1. If a variable is outside a skip pattern (independent) and the legitimate range of values includes 0 and 9 (N/A), no recoding will be done. Values out of range will be identified as such by the format statement. 2. If a variable is independent and the legit values include 9, but NOT 0, any 0s that occur are re-coded to 9s. Missings are left alone. 3. If a variable is independent and the legit values don’t include 9 OR 0, no re-codes are performed on values of 0 or 9 or missing . Values outside the range are flagged as INVALID by the format statement.

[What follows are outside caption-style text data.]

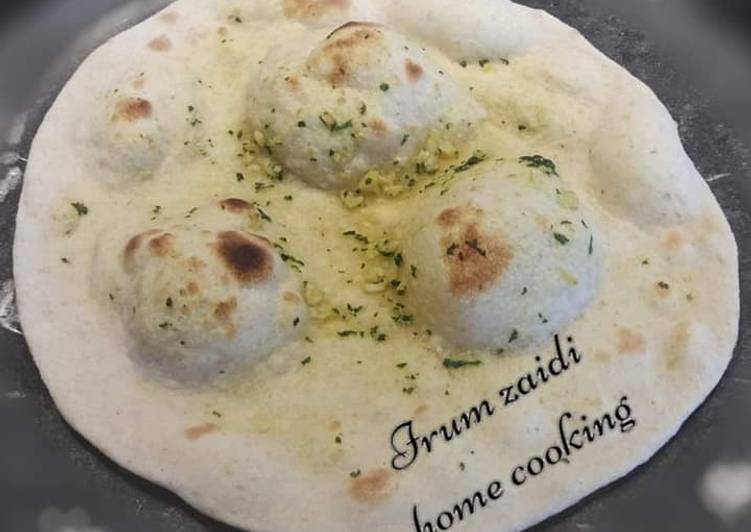 Homemade Garlic Yoghurt Naan s/w Chiken & Spinc Curry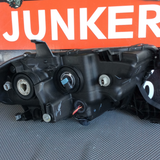 Foco Delantero izq Toyota Tacoma 16-17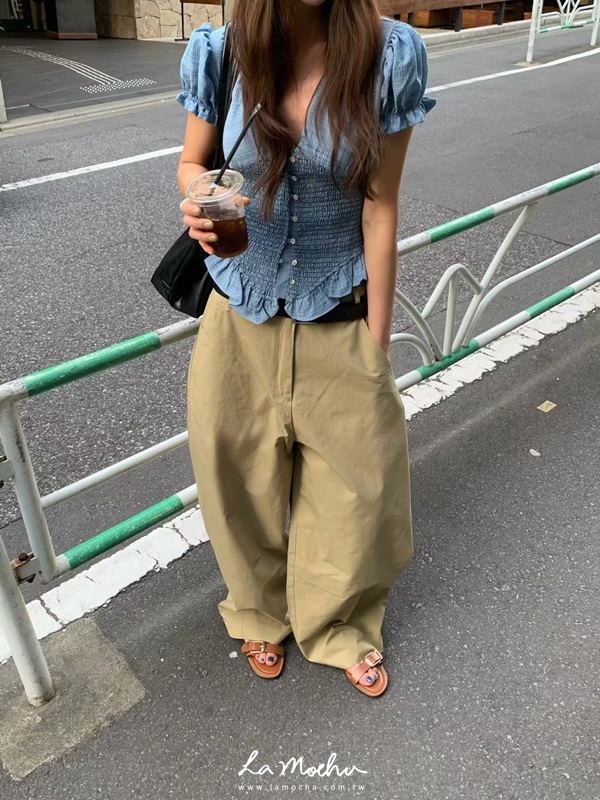 皺皺貝殼排扣鬆緊上衣(闆娘清單)
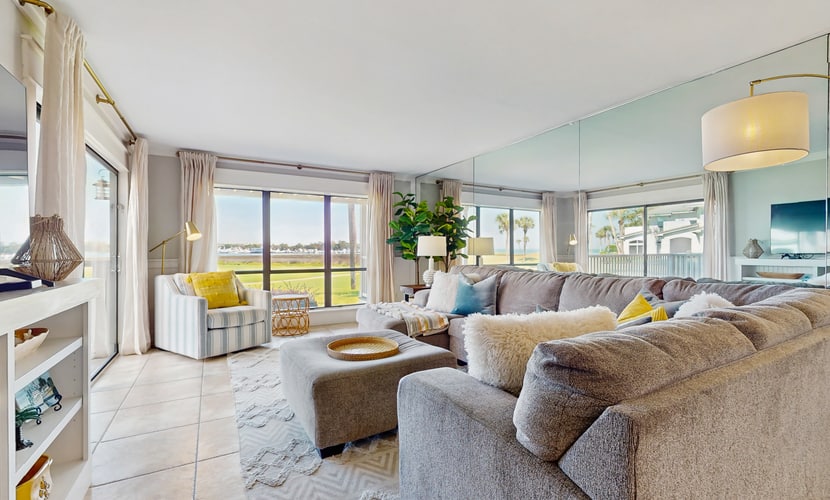 Harbour Point #817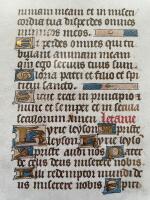 Inramat illuminerat pergamentblad ur bönbok. 1400-tal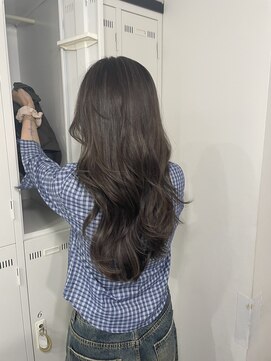 リュンヌ(Lune) たっぷりレイヤーカット×オリーブグレージュ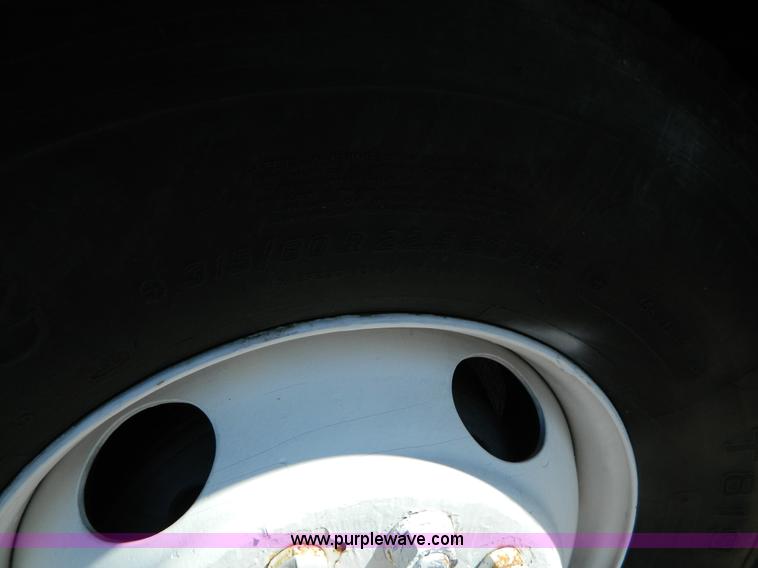 image for item D8716 1977 MCI Bus Crusader MC-8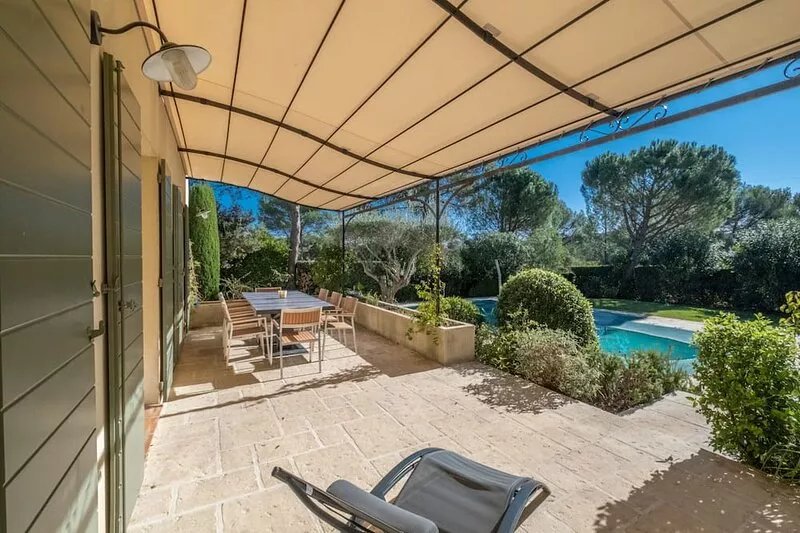 4 BEDROOM VILLA WITH PRIVATE POOL AND GARDEN (N°446)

4. If a variable is inside a skip pattern (dependent) and the legit values include 0 and 9, missings will be re-coded to 9 (N/A). 5. If a variable is dependent and the legit values include 9 but not 0, then all missings and 0’s are recoded to 9s. 6. If a variable is dependent and the legit values don’t include 9 or 0, values of 0 and 9 are still coded as 9s. Other values outside the range are flagged as such by the format.

LOG DATE 03/05/04

Met with group and decided that above categories of treating missings, 0s and 9s (N/A) was sufficient. Will continue as planned.

BR

LOG DATE 03/18/04

Finished Form 5 (part 1 that is...part 2 may not be used). Looked for ID number and only found it on "Old" data (see above). List has been generated for Allison and I'm waiting on her response with a list of IDs and updated/corrected values. Meeting to take place Friday morning, 9:00 a.m. at the Sports Medicine suites.

Topics:

1. Time table on getting back changes/edits on cases that have been flagged for accuracy checks.

2. Idea of Chang Yu to look at combining co-variates into a single co-variate. Background information available soon.

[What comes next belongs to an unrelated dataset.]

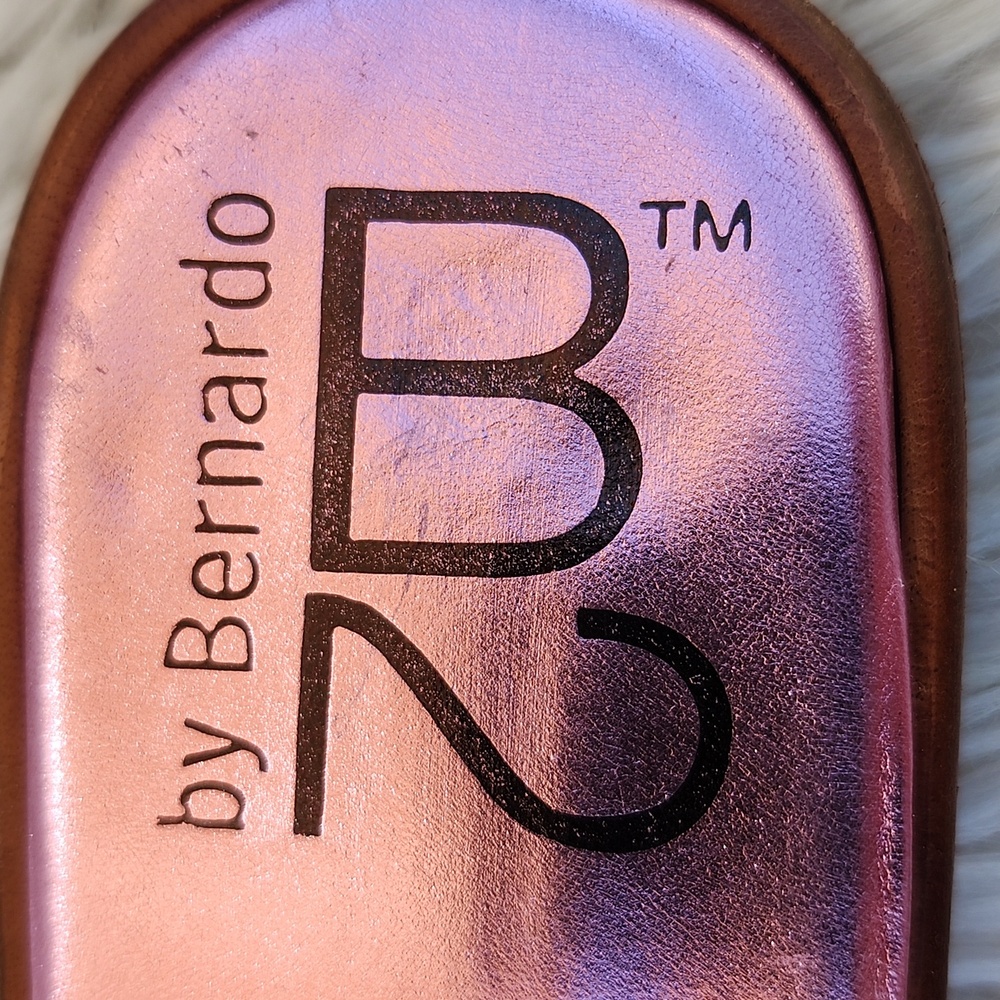 B2 BY BERNARDO FOUY EMBELLISHED LEATHER SLIDE SANDALS - Picture 3 of 9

3. Agreement on next level of priority for accuracy checks. I believe it is the Moon Interoperative Data. Time table to be discussed. Other issues discussion to follow.

4. One routine of Dr. Harrel's, called Describe, is in the R supplemental library FMISC. IT basically runs frequencies on each variable in the file- frequencies on categorical/limited numeric, quantiles on continuous. May be a good place to start to look at what we have and see where we are. Then perhaps to run some simple means, plots, etc. But 1st priority is the Moon Inoperative Data.

Till next time.

b

LOG DATE 05/06/04

Dear Sports fans,

All along there have been merge errors because of typos in the REGN field for the SSN. I finally dealt with these. In lieu of writing some complicated program to match close matches and string searches to fix and replace text in the SSNs, etc, etc, I did it the old fashioned way (only possible with a small data set like ours, obviously) and sorted it, printed it out and looked at it. :>). There were a lot more errors than I thought so it was a bit of a hassle, but they’ve all been addressed and we are a stone’s through away from having a file. Here are the details:

The solution was fairly basic. Basically, I looked to see which SSN was on more of the file components, and then changed the erroneous one(s) to that number. (If it was 111111111 on 1 out of 5 components and 121111111 on 4 out of 5 of the components, I changed 111111111 to 121111111 on the 1 so all 5 had 121111111. Of course there would HAVE to be a tie or it wouldn’t be our data, right? (It’s at the bottom).

The other funky SSNs that I came up with were as follows and I’m not sure how to deal with them. Most of them are simply missing SSNs from form 5 which means this individual has everything EXCEPT form 5 in the data.

270880200 missing from f4. 284906695 missing from f5 291886221 missing from f5.

(I think these next two may be related, but I can’t prove it. They’re suspiciously close together. ;>/ ) 295543808 only on F5 295649510 missing from f5

336501922 missing from q1 380748472 missing on f5

383112896 missing from q5 483961382 missing from f5

Then there’s this little ‘tie’ problem mentioned above. Anyone know what the actually ssn should be? Below are the SSNs shown from the different file components.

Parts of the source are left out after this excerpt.